Like Scott Manley says, going from a frequency domain image representation to a time domain sound file is something that is extremely old and does not and has not required AI the last 50 years. It's just that they vibe coded the extremely old, extremely normal algorithmic solution. AI did not recreate the dead pilots voice, it just made data preparation and coding a bit less work.

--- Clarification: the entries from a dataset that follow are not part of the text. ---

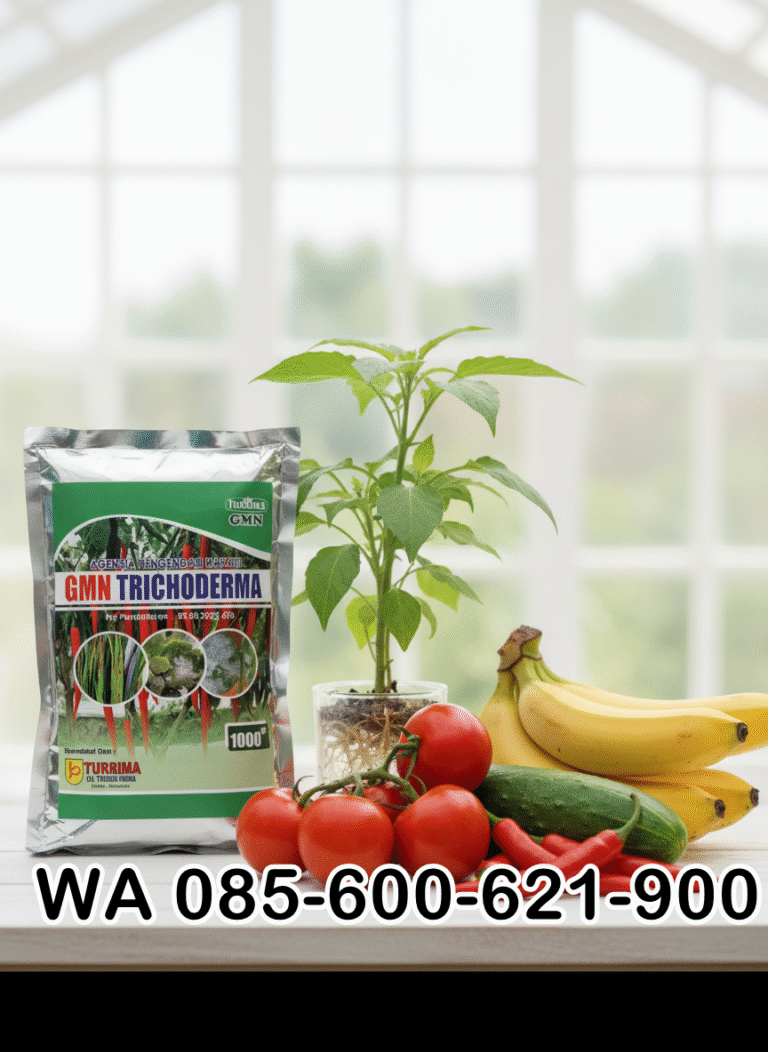 SUBUR.085-600-621-900, Jual obat busuk akar cabai Indramayu, Harga obat busuk batang cabe paling ampuh Cirebon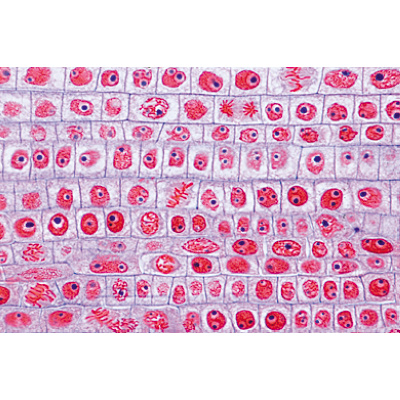 Angiospermae III. Roots - German Slides, 1003912 [W13018], Microscope Slides LIEDER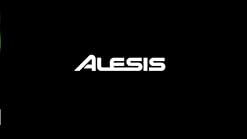 Amazon.com: Alesis Professional Electronic Drum Kit, Red Sparkle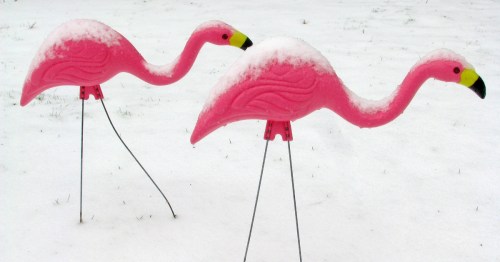 Two pink plastic flamingos covered in snow, standing in a snowy yard.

It's almost certain you've used software or seen/heard software output today that transformed between frequency domain and time domain. It's ubiquitous.
gnerd00•40m ago
you are correct - I coded this in the late 1980s with digital sound domain experts
15155•25m ago
FFTs are found in every nook and cranny of modern communications and computing.
akamaka•19m ago
It says in the article that the creator used OpenAI Codex, presumably because the spectrogram image wouldn’t have enough resolution by itself.
okeuro49•39m ago
Why did they need the spectrogram?
petercooper•27m ago
I'm only an ardent viewer of crash investigation stuff, not a pro, but it seems to be a good way to show specifics of warning noises, engine sounds, unusual cabin noises (if relevant) and sometimes even structural failures happening over time in a more direct way from the cockpit voice recorder without sharing the actual "audio".
sokoloff•25m ago
Where else would they get sounds from inside the cockpit that weren’t transmitted on the radio?
maxlin•35m ago
Not everything is AI, they provided the spectogram. Even a trained eye can read one, especially if context is provided.
akamaka•18m ago
The article quotes the creator saying he used AI
maxlin•7m ago
Having the title be what it is is like saying a note-taking app is AI-powered if you used Claude to create it.
fn-mote•7m ago
Grisly, but I’m against restrictions on releasing what should be public information. Even if they came from the 1990s.

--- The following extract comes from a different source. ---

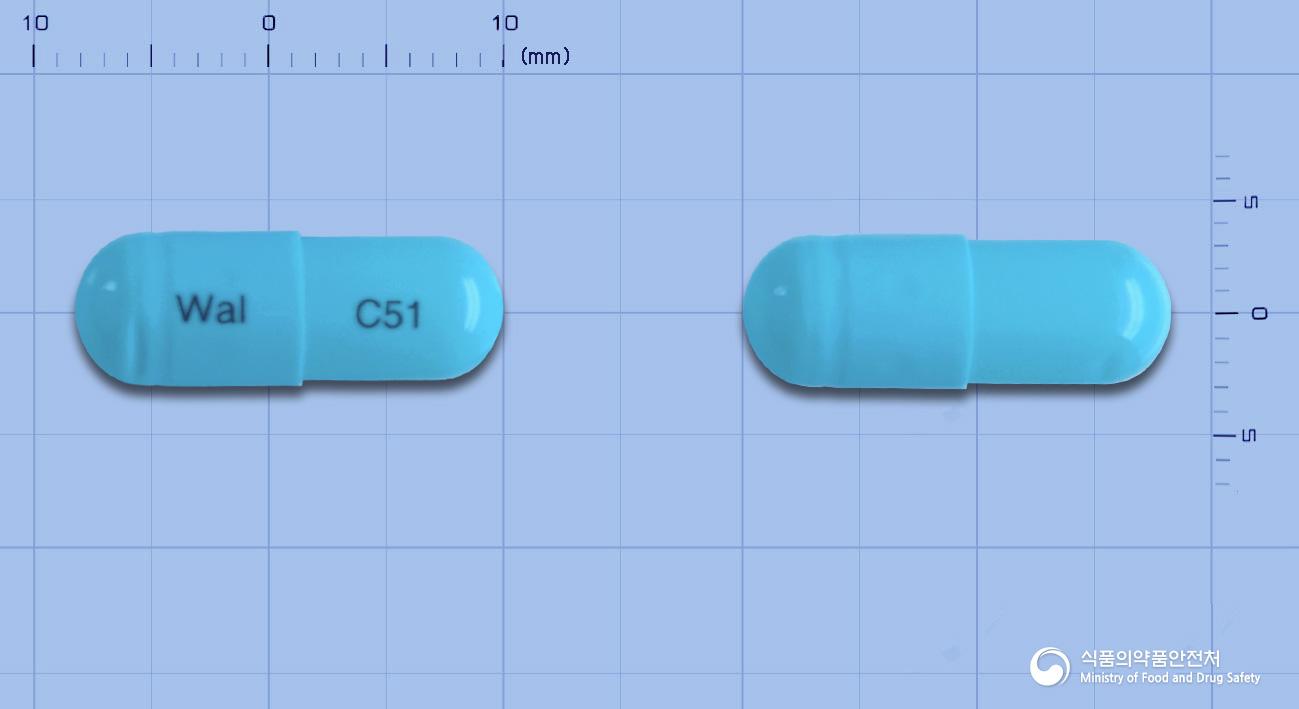 루비돌플러스캡슐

These knee-jerk reactions, creating special case rules, really seem like a negative to me.
Just wait for a ban on posting dash cam or police body cam recordings.
RevEng•6m ago
A spectrogram is literally the same audio, just transformed through a Fourier transform. That transform has a trivial inverse. The spectrogram isn't perfect - the visual representation is low resolution and the phase information is missing - but it's plenty enough to at least figure out what was said. There's nothing surprising that this is possible, only disappointing that whoever published the article didn't realize it.
superkuh•46m ago
It's almost certain you've used software or seen/heard software output today that transformed between frequency domain and time domain. It's ubiquitous.